**Problem details**
In the copy, include every entry exactly but none of the pictures.

**Material provided**
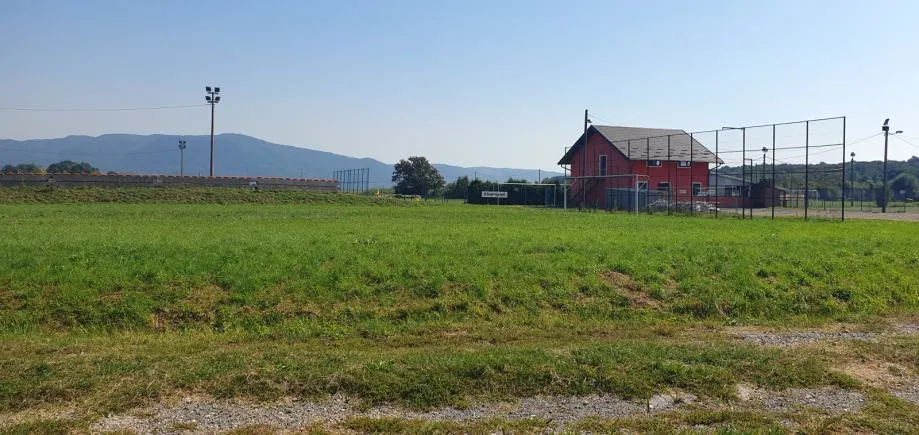 poljoprivredno zemlj., pojatno, sportska ul. 4200 m2, za razne namjene - slika 8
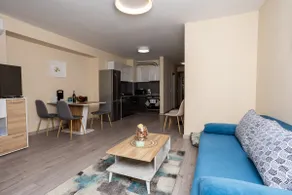 FREE Parking • 2BR • 2min Metro • Quiet Center • - Image 4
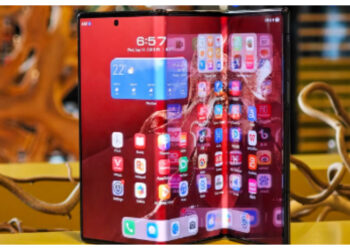Huawei dan Samsung Adu Cepat Rilis Ponsel Lipat Tiga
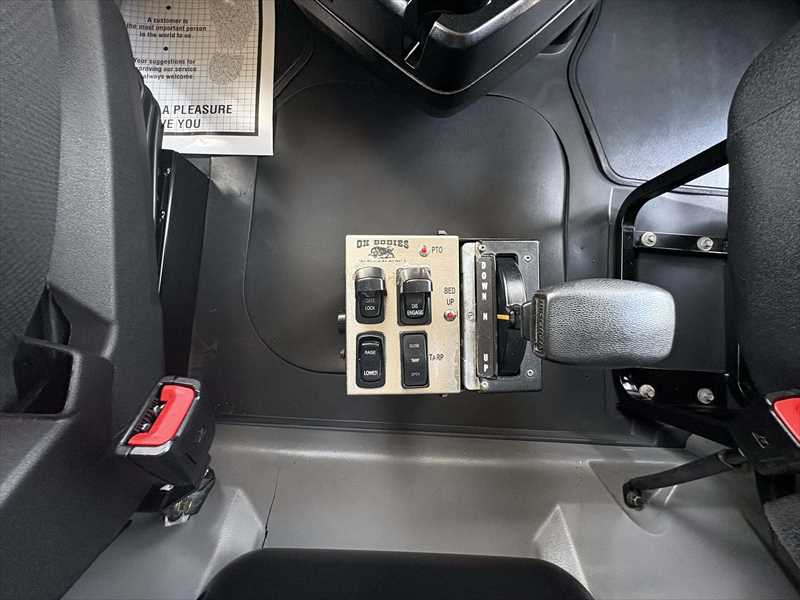 2022 Mack  GR64F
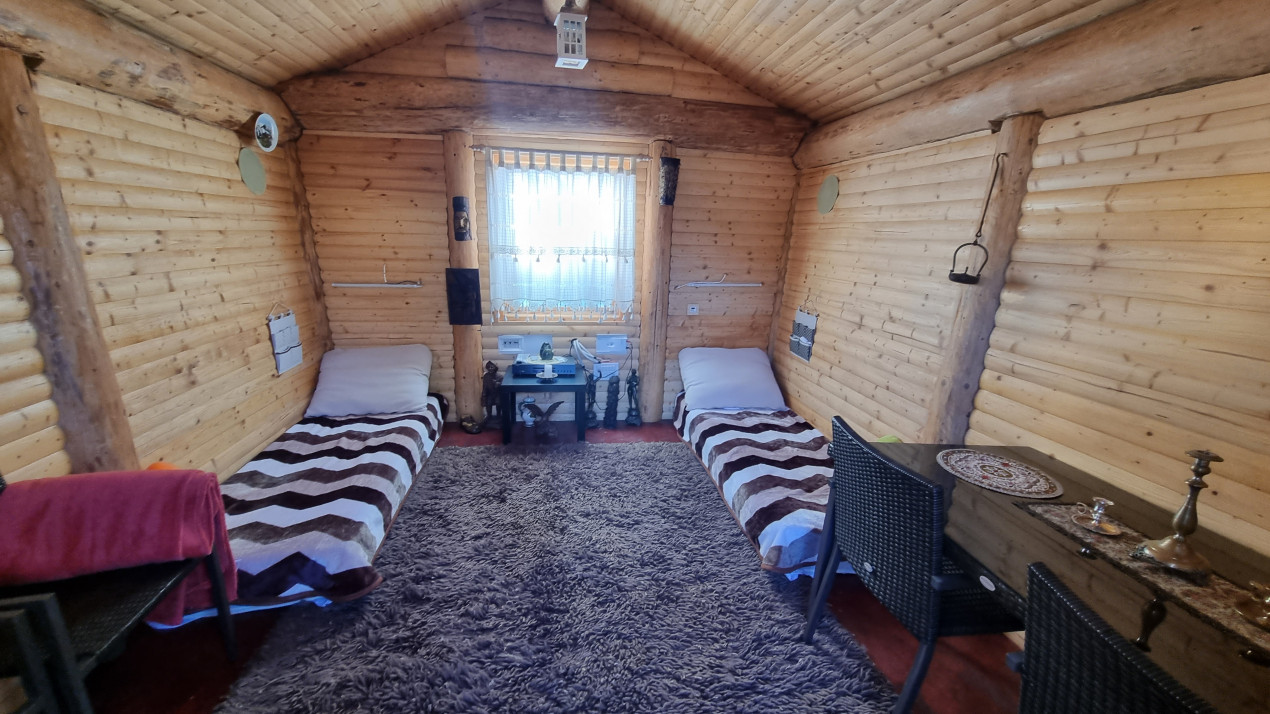 Inchiriere Casa-vila de lux cu 5 camere si 1200 mp teren in zona Centrala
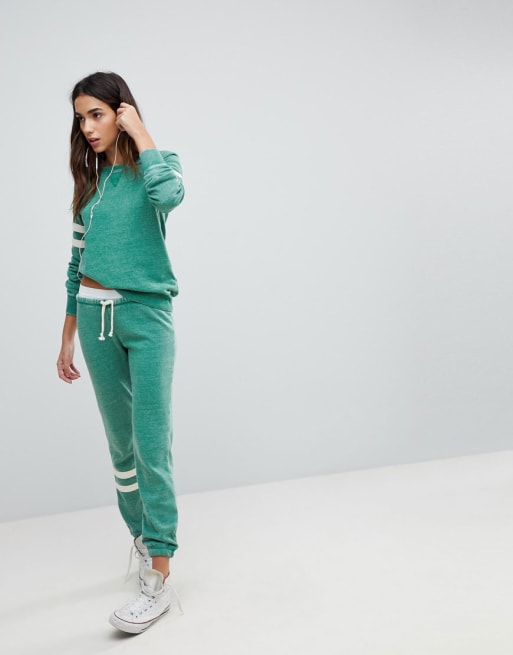 Sudadera y joggers a rayas devoré en verde de Ocean Drive 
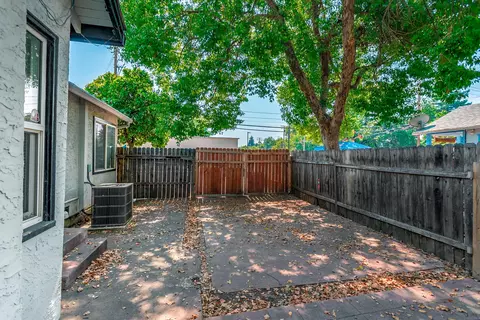 905 Parkview Ave, Redding, CA 96001 photo 23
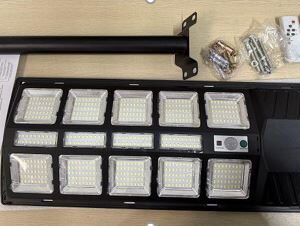 Solar street lamp - LUMIN&Aacute;RIA COM SENSOR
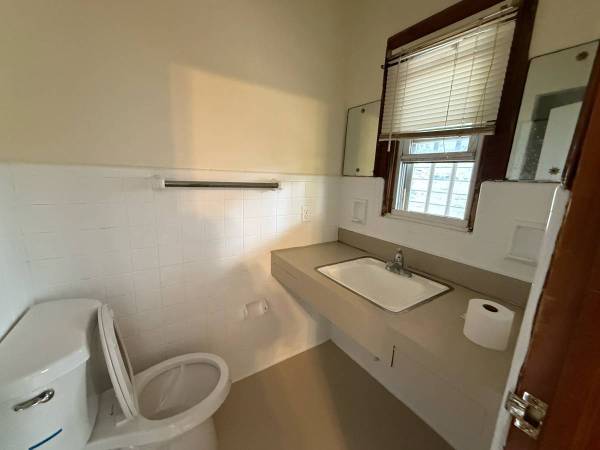 1BR/1BA Apartment · Menlo Park photo 3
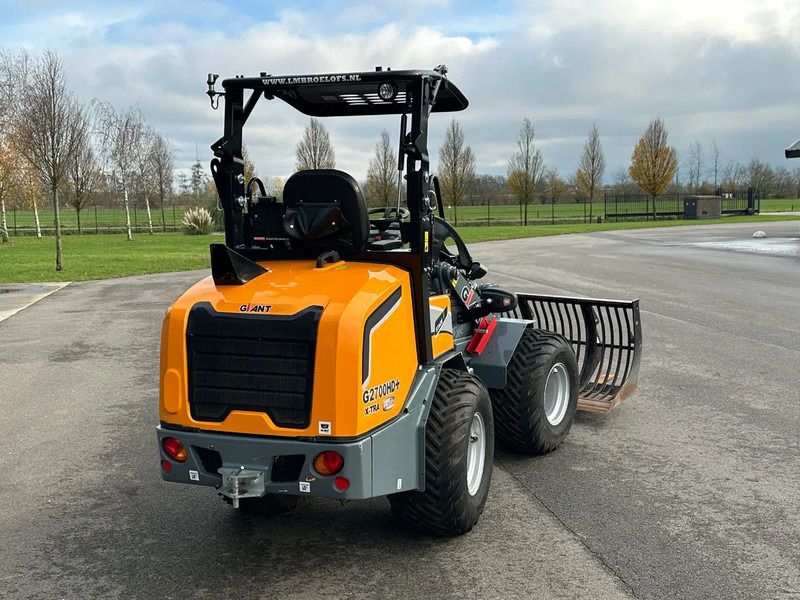 Giant G2700HD+ - Kompaktni utovarivač gusjeničar: slika Giant G2700HD+ - Kompaktni utovarivač gusjeničar Giant G2700HD+ - Kompaktni utovarivač gusjeničar: slika Giant G2700HD+ - Kompaktni utovarivač gusjeničar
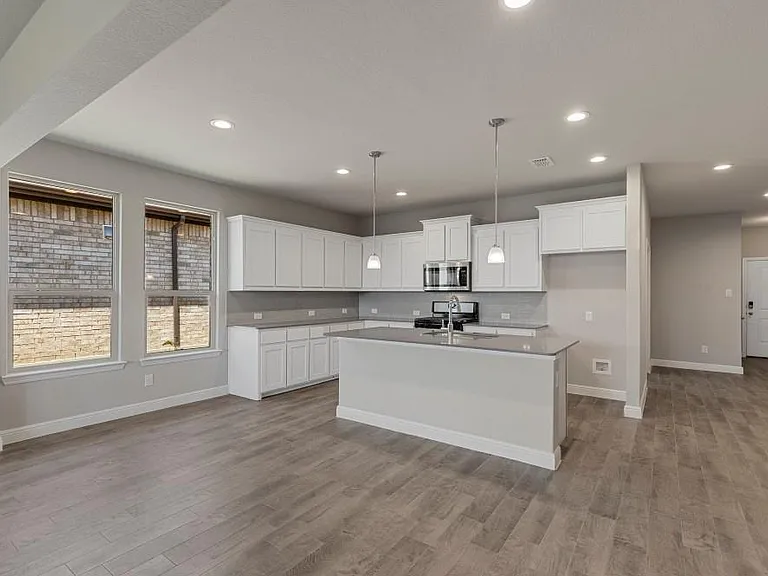 801 Chaplin Dr — Photo 4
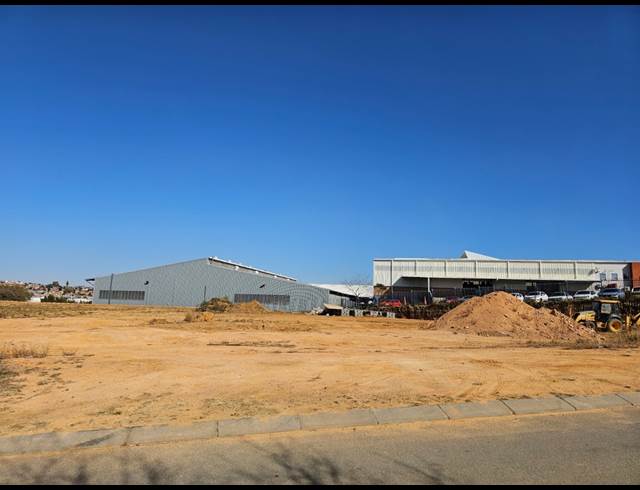 3,000M² WAREHOUSE TO LET IN COSMO BUSINESS PARK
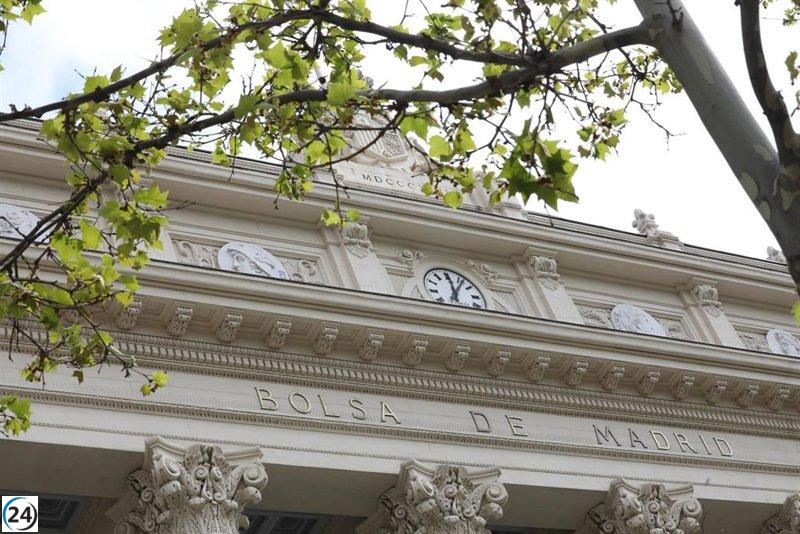 El Ibex 35 inicia la semana con un repunte del 0,3%, acercándose a los 14.900 puntos.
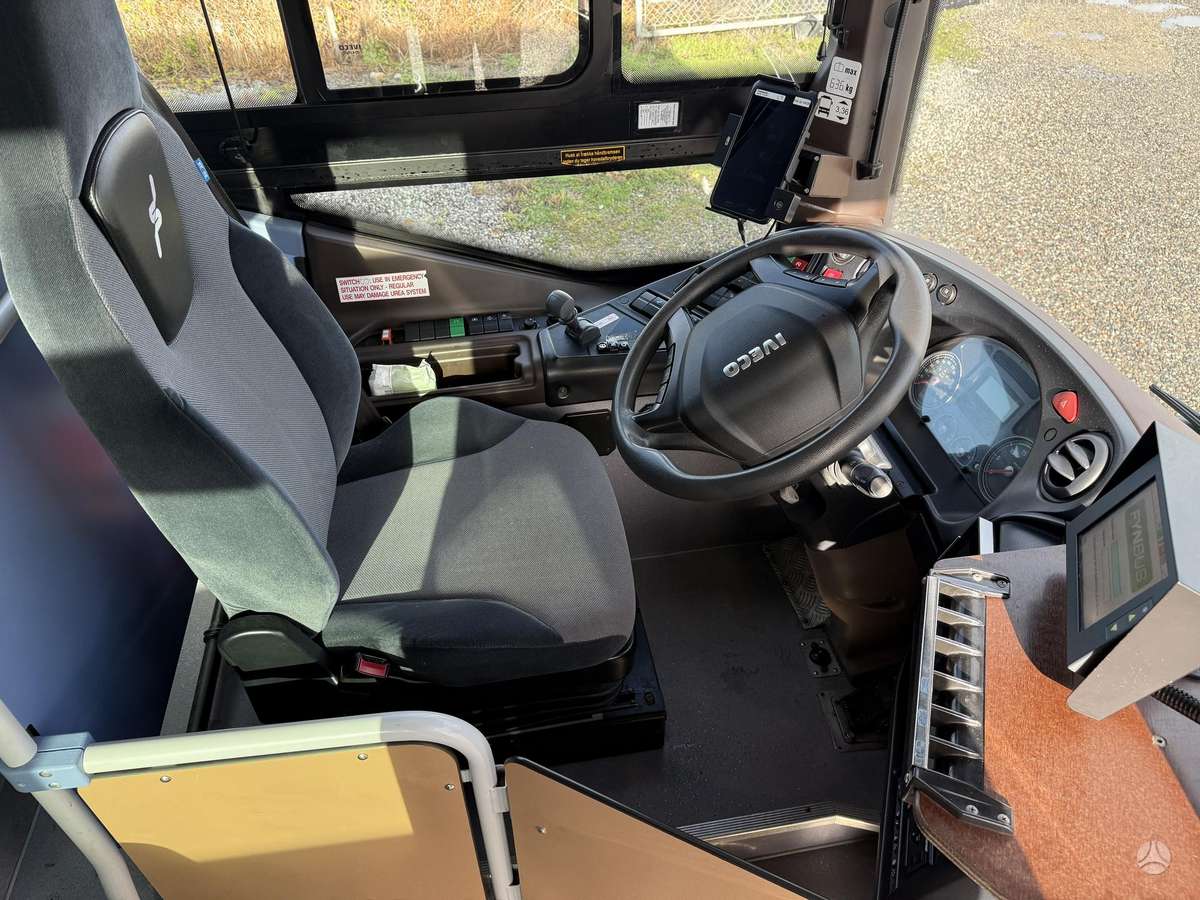 Iveco Crossway. 14 Units!, междугородние / пригородние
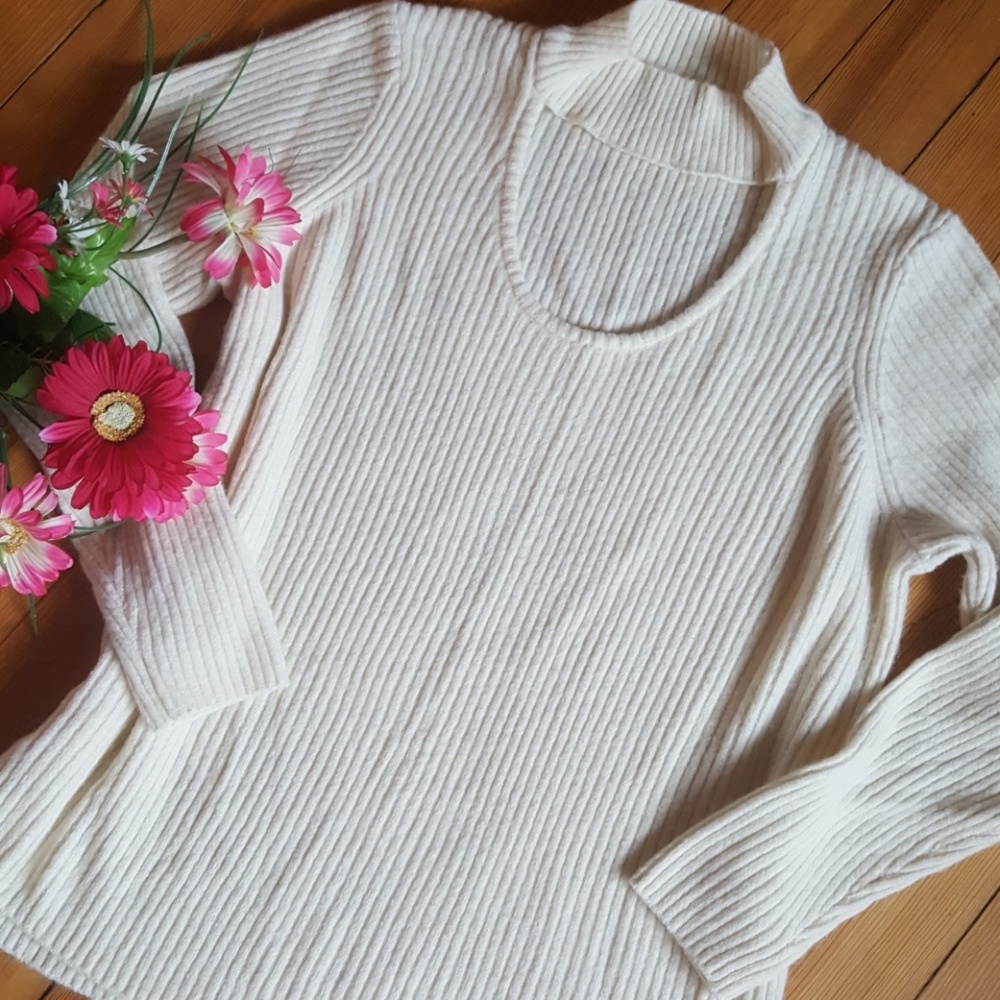 🔥Kenzie 🔥Choker Cut-out Mock Turtleneck Scoop Sweater Ivory💕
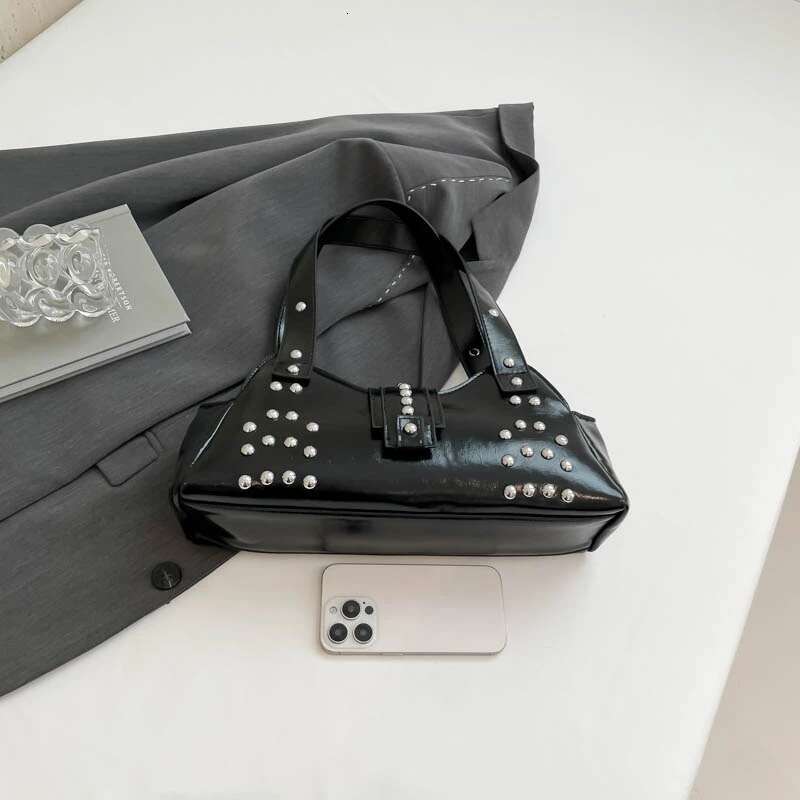 Retro Riveted Women's Uderarm Punk Rock Girls Oil PU Leather Black Handbag Motorcycle Ladies Commuter Baguette Shoulder Bag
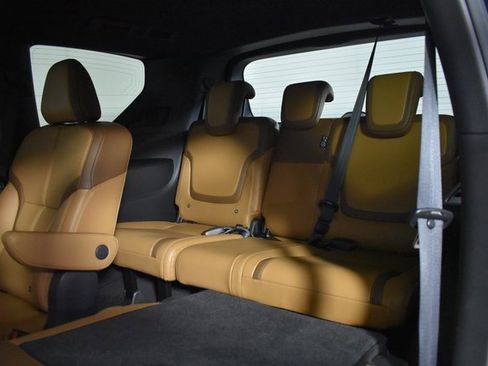 New 2025 Nissan Armada SL w/ Captain's Chari Seat Package image 36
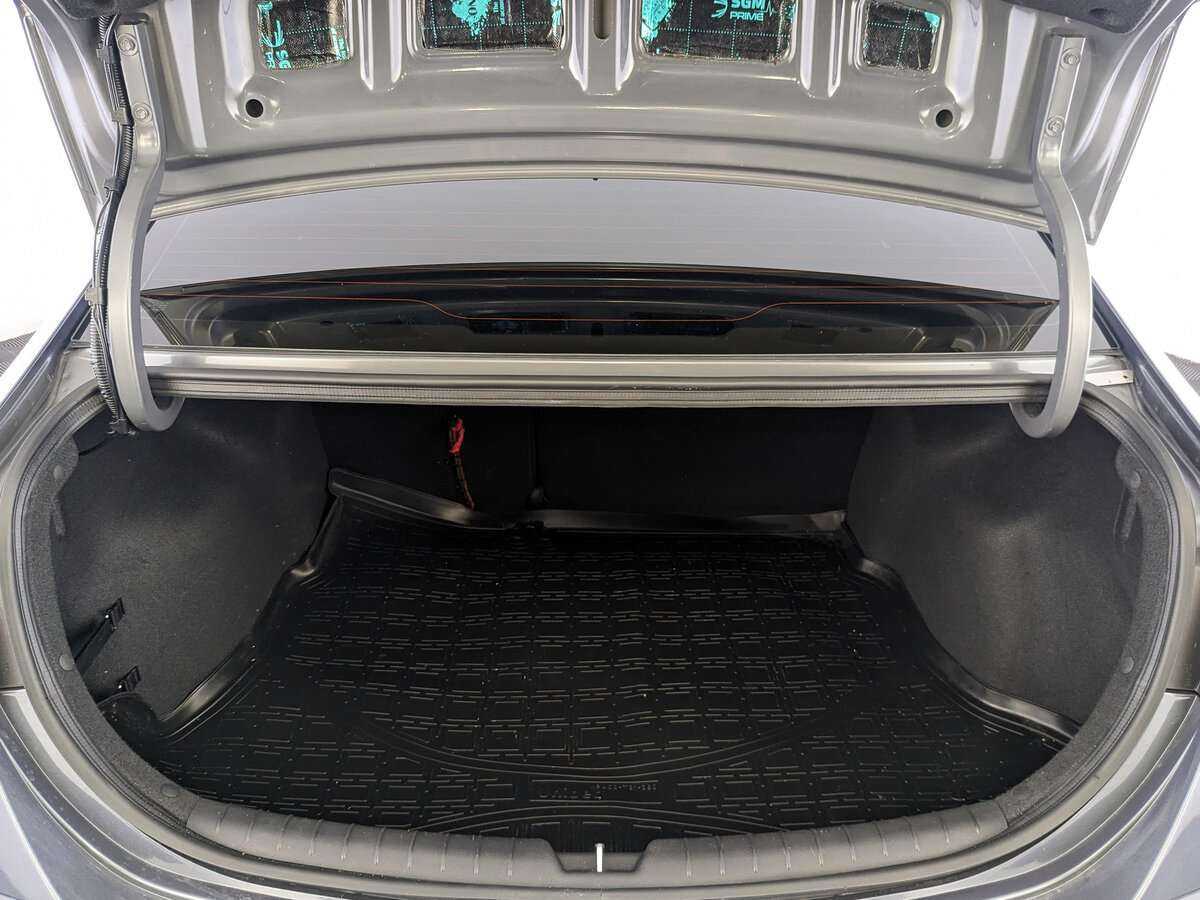 Hyundai Solaris с пробегом — 2021 год. Фото: #9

**Written answer**
 poljoprivredno zemlj., pojatno, sportska ul. 4200 m2, za razne namjene - slika 8
 FREE Parking • 2BR • 2min Metro • Quiet Center • - Image 4
Huawei dan Samsung Adu Cepat Rilis Ponsel Lipat Tiga
 2022 Mack  GR64F
 Inchiriere Casa-vila de lux cu 5 camere si 1200 mp teren in zona Centrala
 Sudadera y joggers a rayas devoré en verde de Ocean Drive 
 905 Parkview Ave, Redding, CA 96001 photo 23
 Solar street lamp - LUMIN&Aacute;RIA COM SENSOR
 1BR/1BA Apartment · Menlo Park photo 3
 Giant G2700HD+ - Kompaktni utovarivač gusjeničar: slika Giant G2700HD+ - Kompaktni utovarivač gusjeničar Giant G2700HD+ - Kompaktni utovarivač gusjeničar: slika Giant G2700HD+ - Kompaktni utovarivač gusjeničar
 801 Chaplin Dr — Photo 4
 3,000M² WAREHOUSE TO LET IN COSMO BUSINESS PARK
 El Ibex 35 inicia la semana con un repunte del 0,3%, acercándose a los 14.900 puntos.
 Iveco Crossway. 14 Units!, междугородние / пригородние
 🔥Kenzie 🔥Choker Cut-out Mock Turtleneck Scoop Sweater Ivory💕
 Retro Riveted Women's Uderarm Punk Rock Girls Oil PU Leather Black Handbag Motorcycle Ladies Commuter Baguette Shoulder Bag
 New 2025 Nissan Armada SL w/ Captain's Chari Seat Package image 36
 Hyundai Solaris с пробегом — 2021 год. Фото: #9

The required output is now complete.